Stored items from a collection:
****************************************

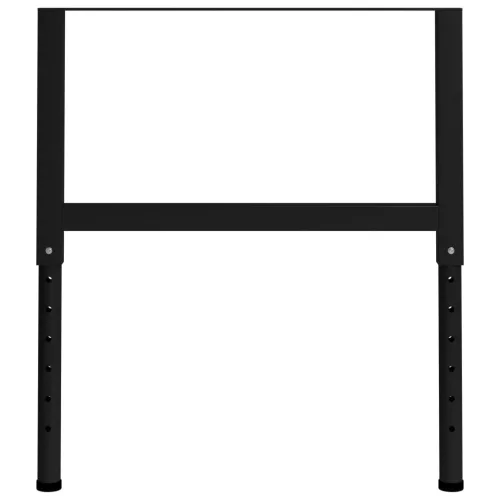  2 db fekete állítható fém munkapadváz 85 x (69-95,5) cm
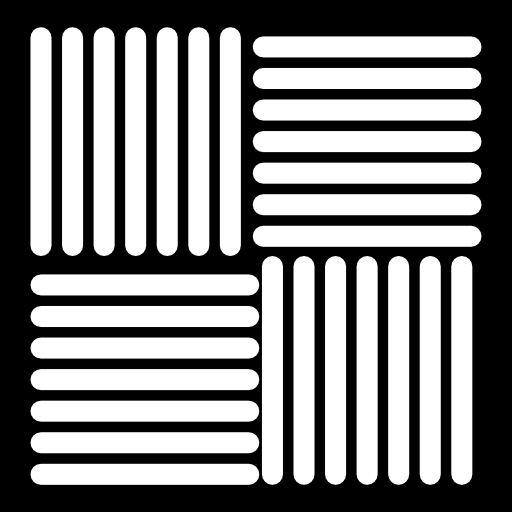 líneas que forman una caja  icono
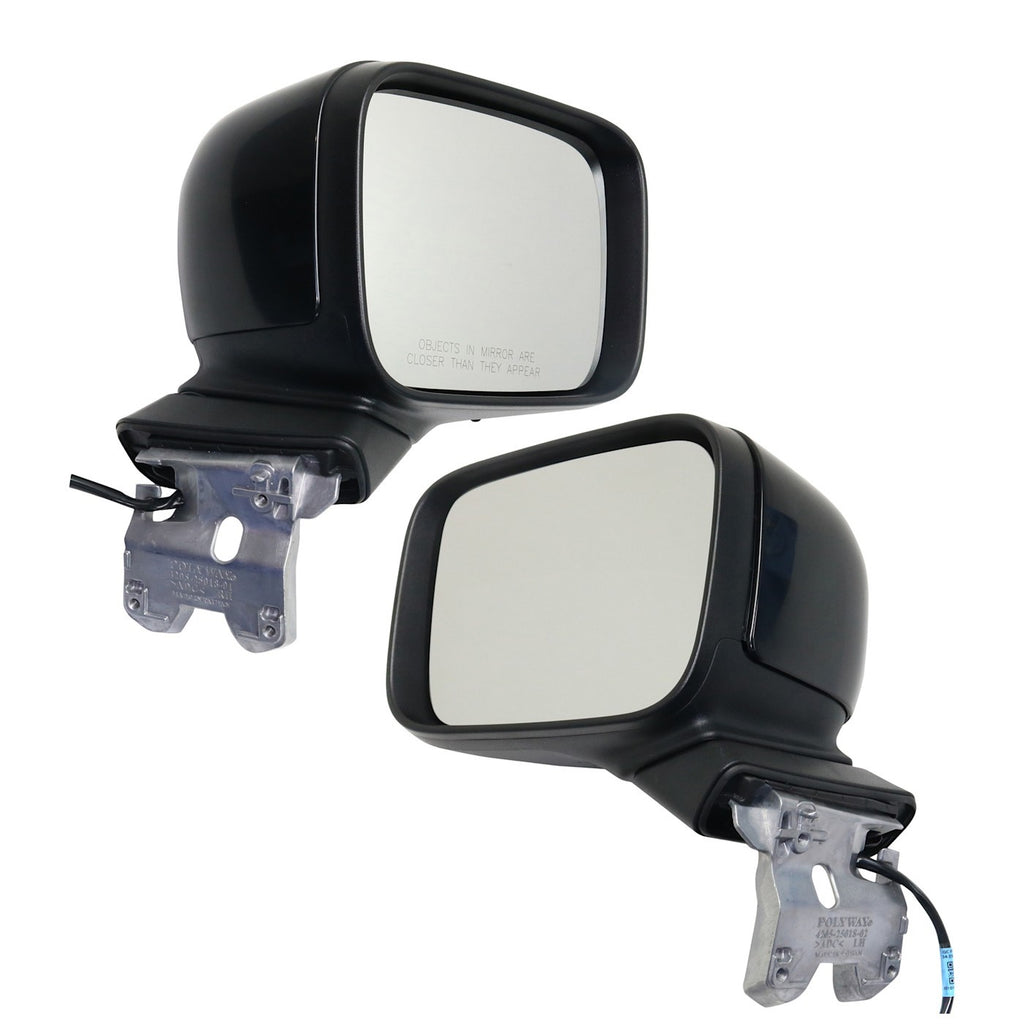 Set of 2 Mirrors for Jeep Renegade (2015–2018) Paintable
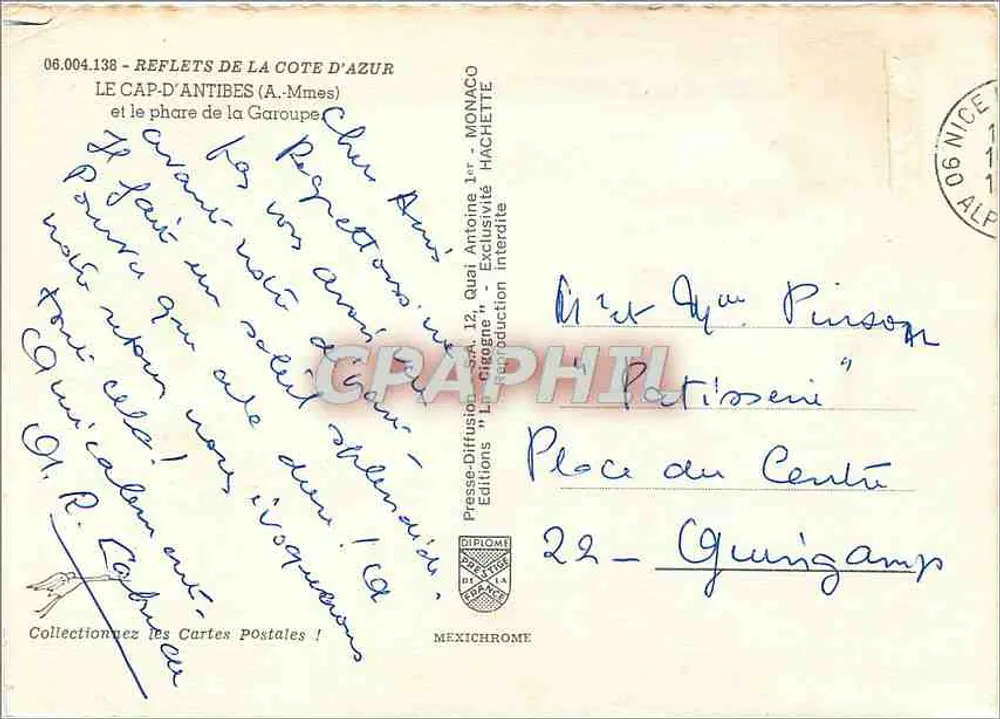 Cap d'Antibes — Der Leuchtturm von Garoupe — Verlag IRIS - Rückseite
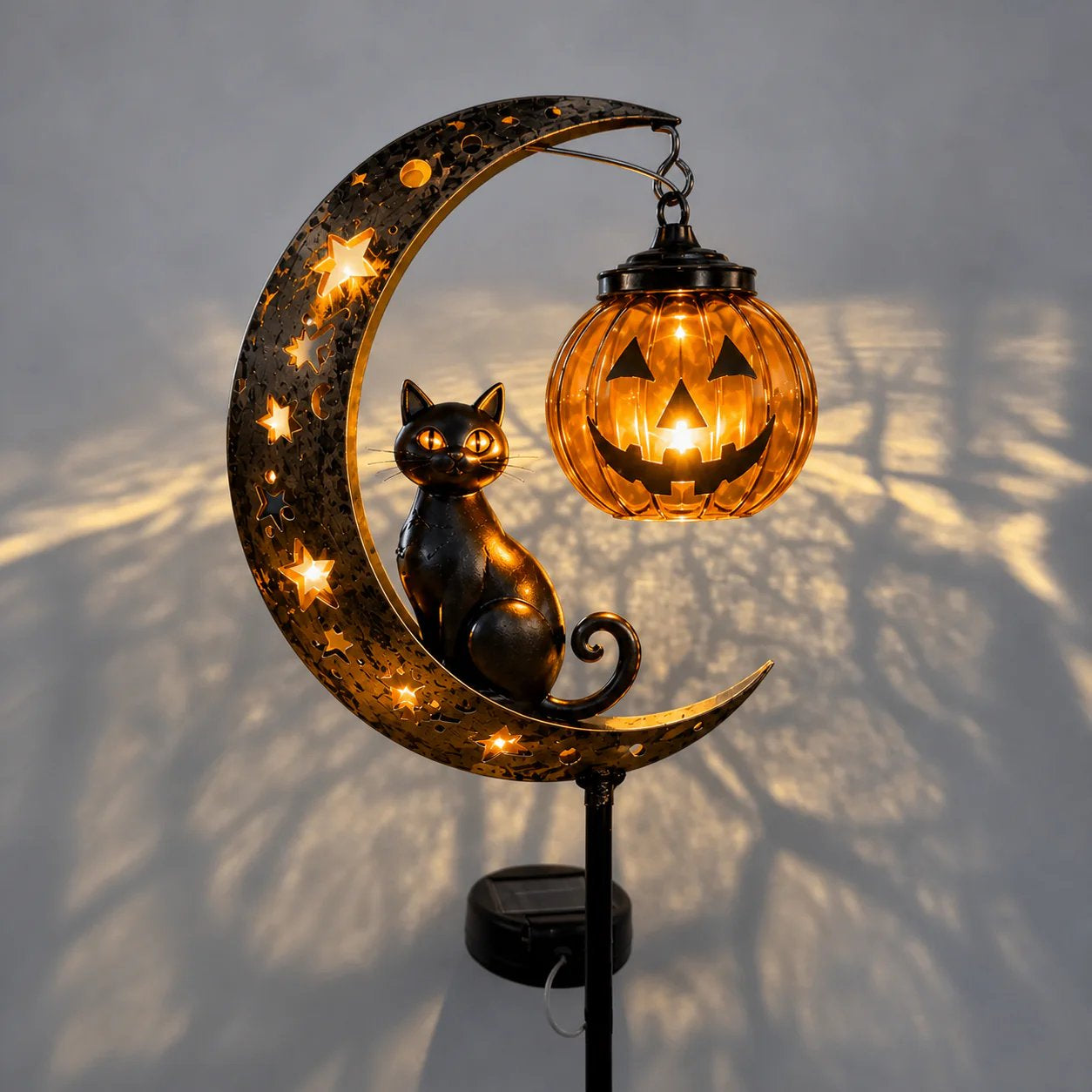🎃 Early Halloween Deal | Pumpkin Moon Garden Stake Light Now 49% OFF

****************************************

## Task details:
Print the data again, word for word, without any pictures.

## Answer area:
  2 db fekete állítható fém munkapadváz 85 x (69-95,5) cm
 líneas que forman una caja  icono
 Set of 2 Mirrors for Jeep Renegade (2015–2018) Paintable
 Cap d'Antibes — Der Leuchtturm von Garoupe — Verlag IRIS - Rückseite
🎃 Early Halloween Deal | Pumpkin Moon Garden Stake Light Now 49% OFF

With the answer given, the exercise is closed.